Die Anklänge, manchmal echte Zitate, an solche Vorbilder wie Jacques Tati oder auch Buster Keaton sind unverkennbar. Und das macht diesen Film denn auch leicht problematisch: Was seinerzeit funktioniert hat, ist nicht so leicht auf moderne Verhältnisse übersetzbar. Lustig und grotesk ist der Film zwar allerdings, doch wird er nicht unbedingt den Forderungen an einen Film wirklich gerecht. Wie gesagt verstehen Abel und Gordon sich vornehmlich als Clowns, und so agieren sie denn natürlich auch. Hier liegt das zweite Problem dieses Films: die Übersetzung der Form von der Varieté-Bühne oder der Zirkus-Arena auf die Kinoleinwand ist schon mehr ein Gewaltakt.
Dennoch besticht dieser konsequent unkonventionelle Film den (aber wohl nur den) geneigten Zuschauer zwar durch ausgesprochen witzige Einfälle, schöne Bilder und höchst gekonnte akrobatische Leistungen: allein die Art, wie Fiona Gordon mit halbem linkem Bein agiert, ist eine Schau für sich.

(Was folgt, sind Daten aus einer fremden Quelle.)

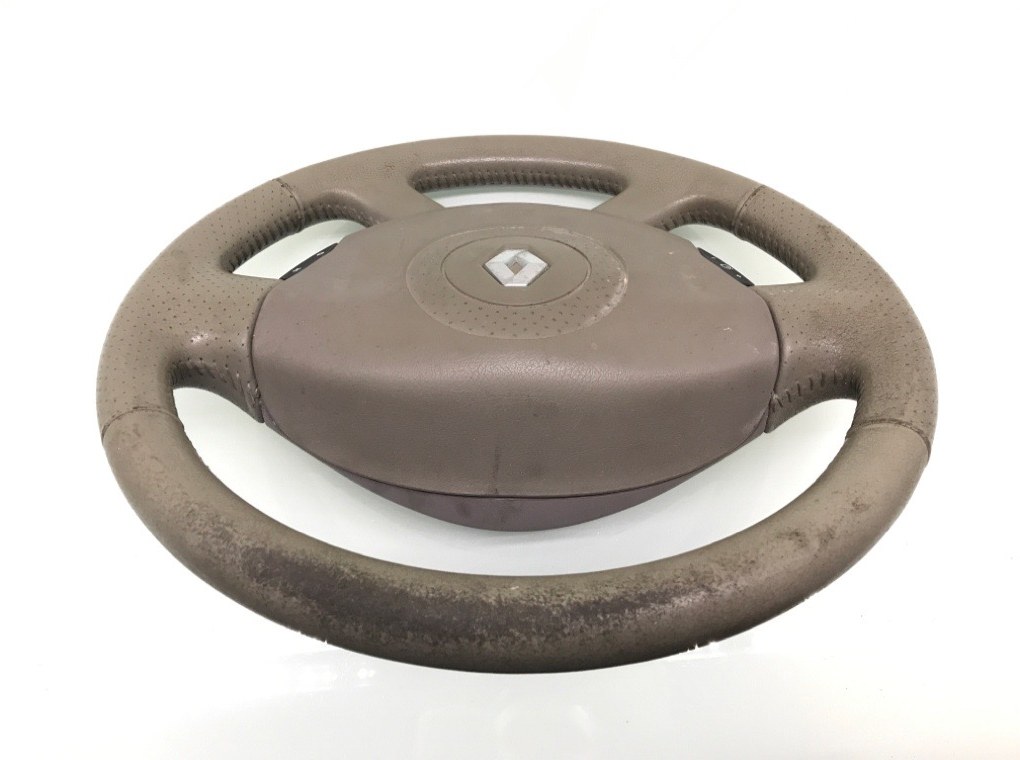 Руль бу для Renault Laguna 2 1.9 DCi,  2006 г.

Das subversive Potential der erkennbaren Vorbilder erreicht man aber zum Beispiel nicht. Vielleicht war das auch gar nicht intendiert?
Bei seiner deutschen Erstaufführung bei den 42. Internationalen Hofer Filmtagen stieß Rumba (B/F 2008, 77 Min.) jedenfalls auf ein eher geteiltes Echo.